私たちは黙々と進み、小川が森から外へほとばしり出ているあたりに来たが、いまでも私はその赤さに慄然とする。ブリカーメから湧いて出る〔鉱泉の〕水を湯女たちがたがいに分けあうように、この赤い水は砂場の間を流れて行った。その水底も両岸も、また河縁もことごとく石からできていたから、ここが渡し場だと気がついた。(『地獄篇』第14歌、76~84)

 この「小川(picciol fiumicello)」は、「朱色(rossore)」なので、熱した血の川プレゲトンから流れ出ている支流かと思われますが、描写は「森から外へ(fuor de la selva)」「ほとばしり出る(spiccia)」と言っています。
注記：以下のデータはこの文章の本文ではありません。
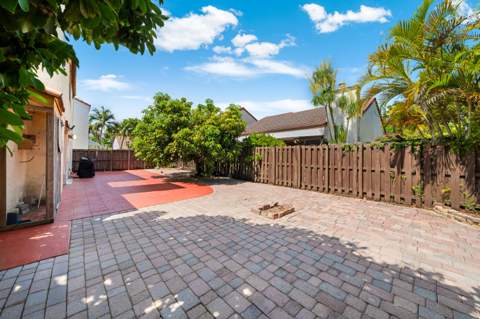 8811 SW 150th Place Circle, Miami FL - photo 24 of 36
動詞“spiccia”(‘spicciare’の現在3人称単数)は、「血などが噴き出る」という意味なので、その小川の源流は「森の中で温泉のように湧き出ている」と言うことになります。プレゲトンの水が森の地下を通って、再度、森の出口付近で地表に沸き上がっている、と解釈するのが妥当でしょう。


地獄を流れる川の源流

 このブログでは、ここまで地獄を流れる三大河川を渡ってきました。「地獄巡り3」で三途の川アケロンを、「地獄巡り10」で憤怒の川スチュクスを、「地獄巡り16」では血の川プレゲトンを渡りました。そして今、プレゲトンの支流だと思われる小川を目の前にしています。ウェルギリウスがこの小川を見ながらダンテに対して、この下の第9圏谷を流れるコキュトス川を加えた地獄の四大河川について説明をしました。

 詩人ダンテは、地獄を流れる川の源流をクレタ島に求めています。まず、昔は栄えていたクレタが、今は衰退していることを、先導者ウェルギリウスの口を借りて次の様に説明しています。


  地中海の中にクレタといういまは滅んだ国があったが、それが支配した世界は清らかだった。そこにはイダと呼ばれる、水は湧き草木は茂る楽園に似た山があった。いまは過去の栄えの常ながら荒れ果てている。(『地獄篇』第14歌94~99、平川祐弘訳)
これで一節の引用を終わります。